南王妃却猛地抓他手,面带不满:“阿渡怎麽回事,阿幺的披风都要松了,他也不给系紧一些,风吹着小心着凉,哎呀裙摆该踩住了,阿渡怎麽也不提着。”
南王怀疑地来回审视,他们应该就只生了一个儿子吧?裴渡应该是那个儿子而不是女婿吧?
他轻咳一声提醒:“那是你儿子儿媳,再说阿渡把他媳妇看得跟眼珠子似的,哪里需要我们做父母的管?快看我们的纸鸢,马上就要飞上去了。”
这纸鸢可是他亲手做的,怎麽也不能被那臭小子比下去!
惠风和畅,谢轻鸿玩了半日有些口渴,裴渡立时拿了水囊给她喝水,她喝完就有些好奇地仔细观察这个水囊,见她有兴趣,裴渡便细细给她解释这水囊的用处,这是他行军时常用的,非常耐用。

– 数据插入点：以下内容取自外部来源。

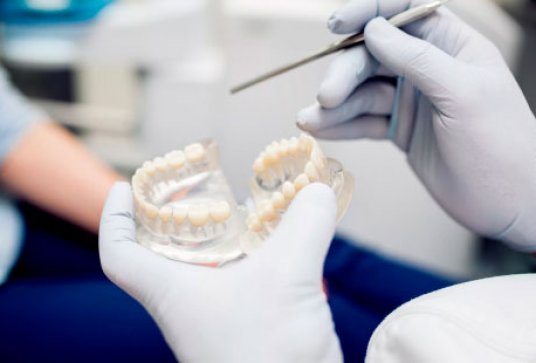 импланты зубов вологда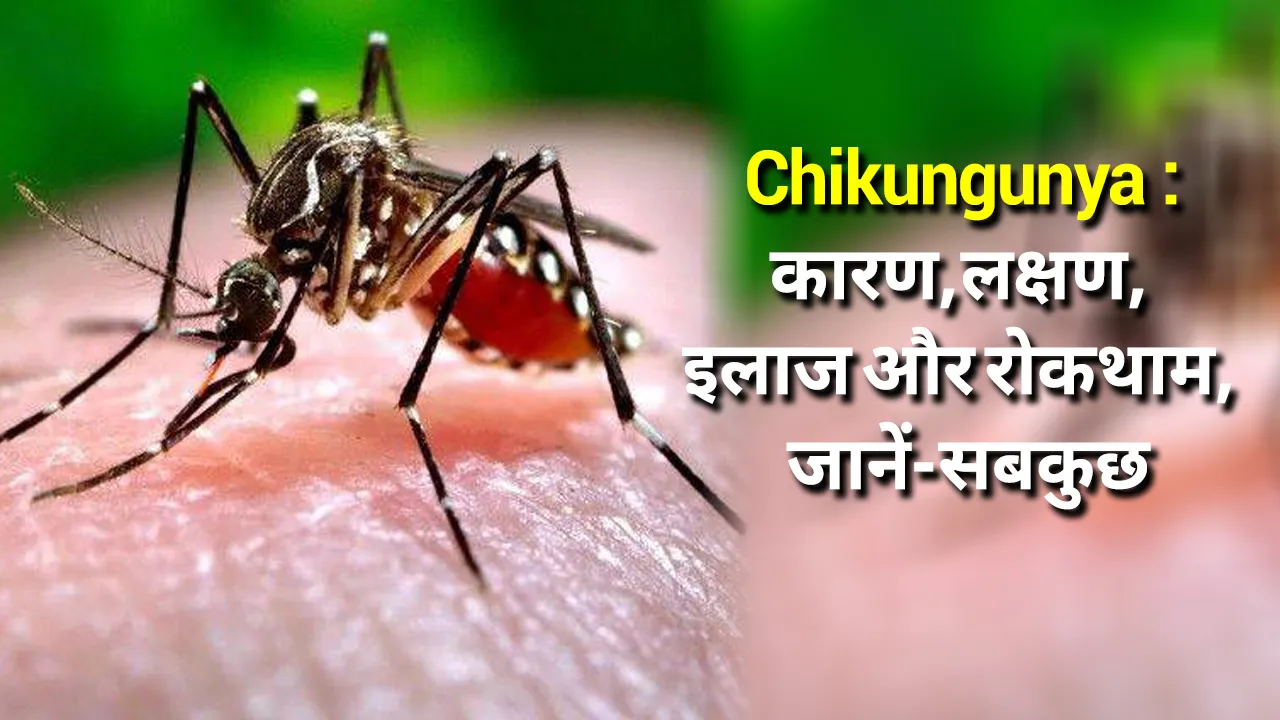 chikunguniya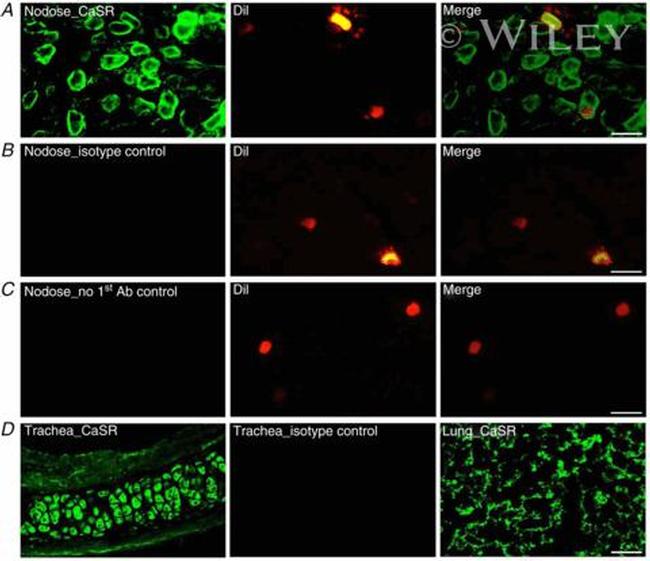 Calcium Sensing Receptor Antibody in Immunohistochemistry (IHC)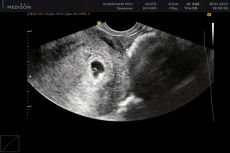 ultrazvuk v 5. týdnu těhotenství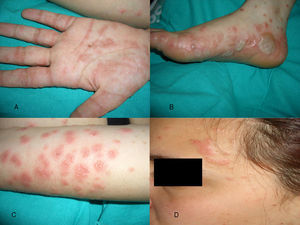 A: lesiones pápulo-vesiculosas en la palma de mano. B: grandes ampollas en cara lateral de los pies. C: lesiones vesiculosas agrupadas sobre base eritematosa en antebrazos. D: lesiones en cara.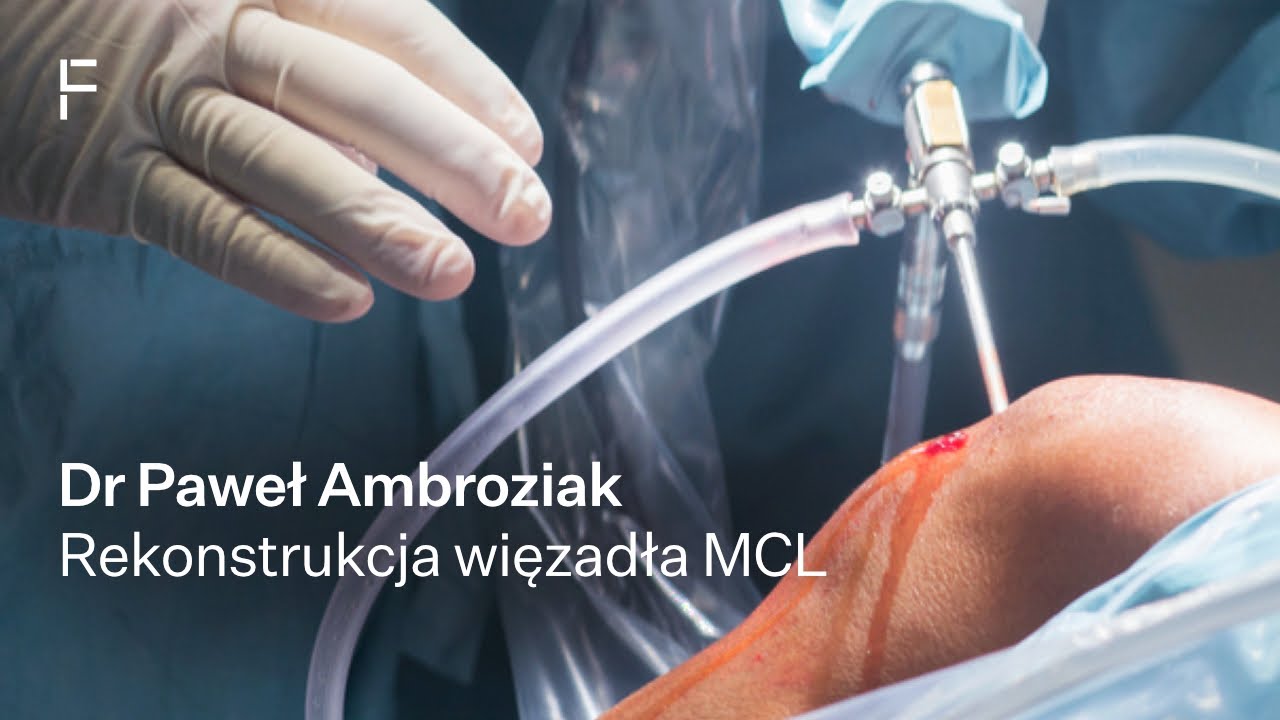 Uszkodzenia i leczenie więzadła pobocznego piszczelowego MCL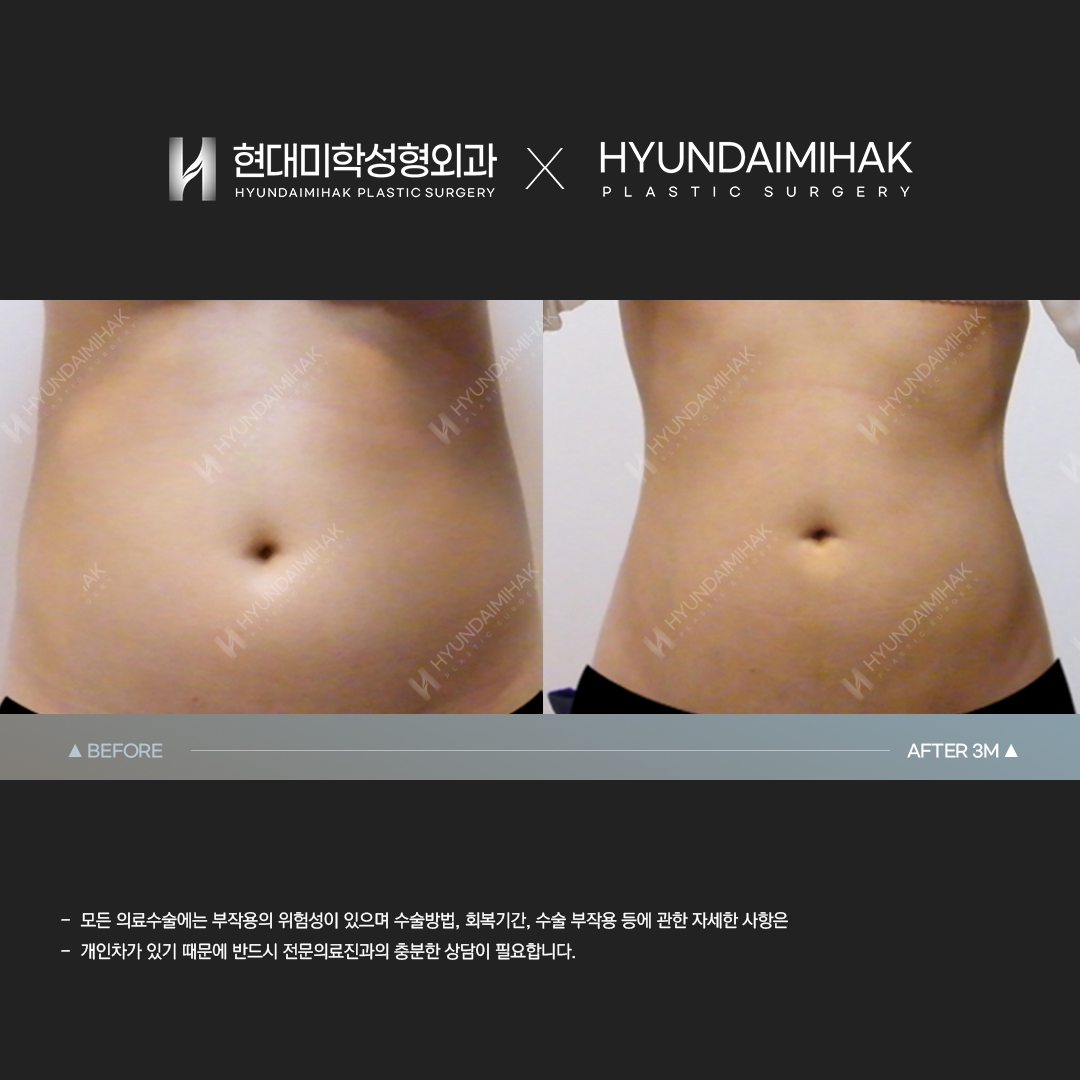 Abdominal Liposuction, 3 Months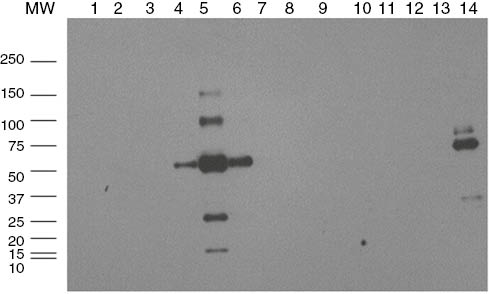 Figure 3: Western blot performed with anti-λ light chain on urinary exosomes from a patient with amyloidosis (AL) with monoclonal λ light chain.The lanes represent fractions separated by ultracentrifugation with sucrose deuterium oxide gradient. Lanes four to six represent the glomerular fractions and lane 14 is the entire spun pellet. Oligmeric λ light chain species are seen at 50, 100, and 150 kDa. No κ light chain was seen (data not shown).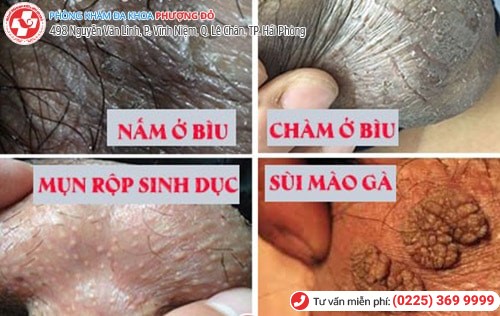 Ngứa bìu tinh hoàn là dấu hiệu nhiều bệnh nguy hiểm Ngứa bìu tinh hoàn là dấu hiệu nhiều bệnh nguy hiểm
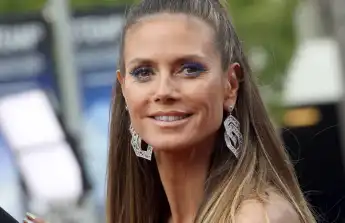 Heidi Klum injured herself on vacation
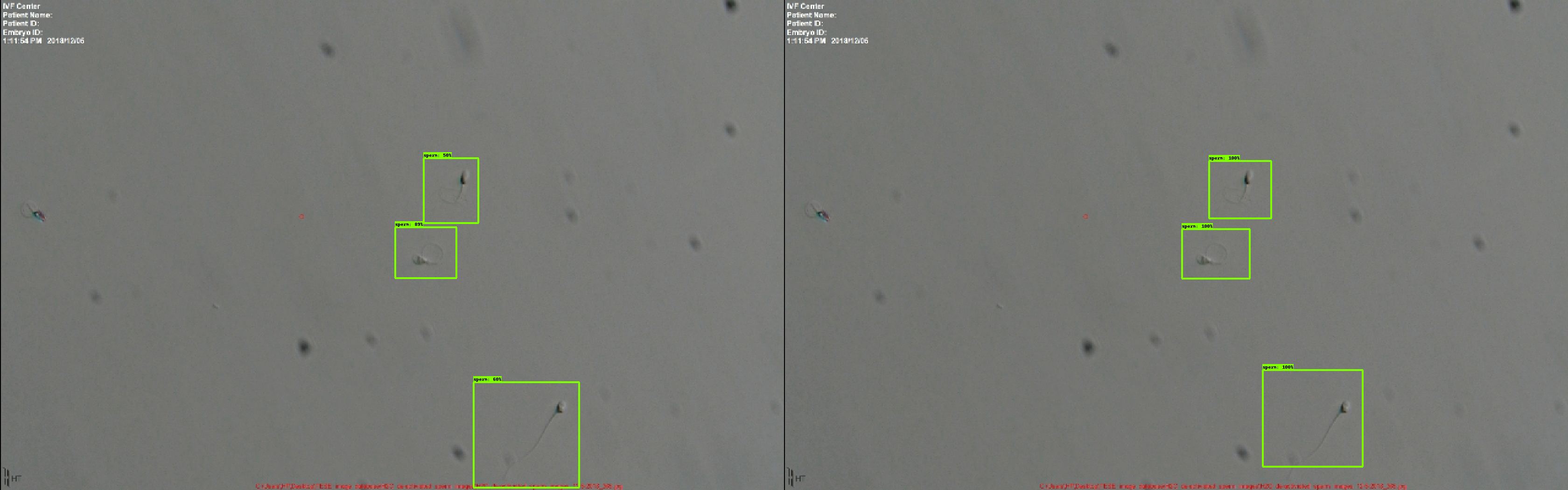 Example Sperm Detection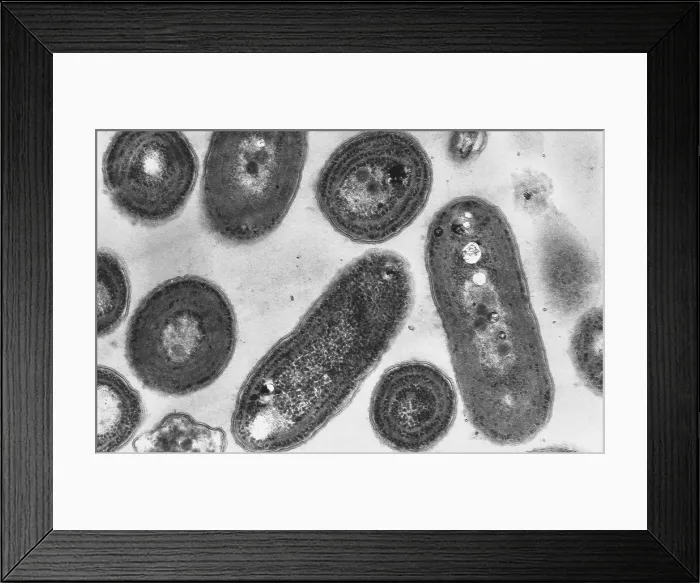 Framed Print : Blue-Green Algae, TEM Framed Print : Blue-Green Algae, TEM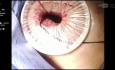Pleuroscopia & Biopsia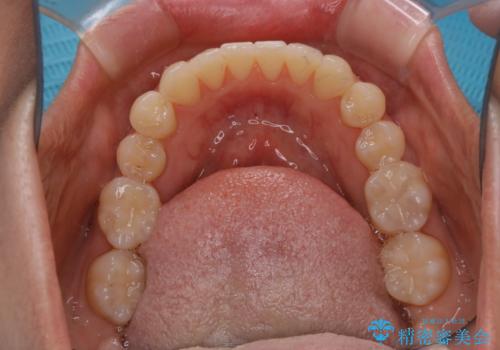 矯正治療とセラミック治療が終了後のPMTCの治療後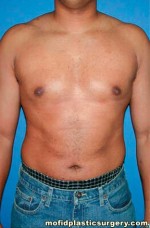 Gynecomastia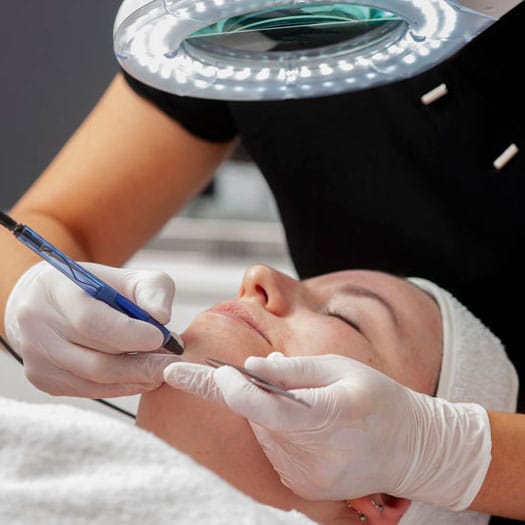 Vrouw gebruikt elektrisch apparaat voor gezichtshaarverwijdering voor een gladde huid.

谢轻鸿头一回见,听他说起行军,不免想起还在战场上的阿兄,心情有些沉闷。阿兄给她写信说,谢氏为国万死不辞,这一切都是他的选择,当初那个天不怕地不怕的混世魔王终究学会了承担家族责任。
裴渡察觉到她心情变换,转头瞧一眼发现父王母妃两人在低声说话,没注意到他们这边,他扯着谢轻鸿的手就往山林里走,边走边哄道:“行军时的有趣事可多了,我还会烤山鸡,现在就去抓一只。”
于是等南王妃跟南王说完,转头一看,两个小的人影都没了,南王妃慌了一瞬,听护卫禀报说是去山里打猎去了,她略微松口气,只是南王觉得不妙,王妃不至于也要求要跟着进山打猎吧?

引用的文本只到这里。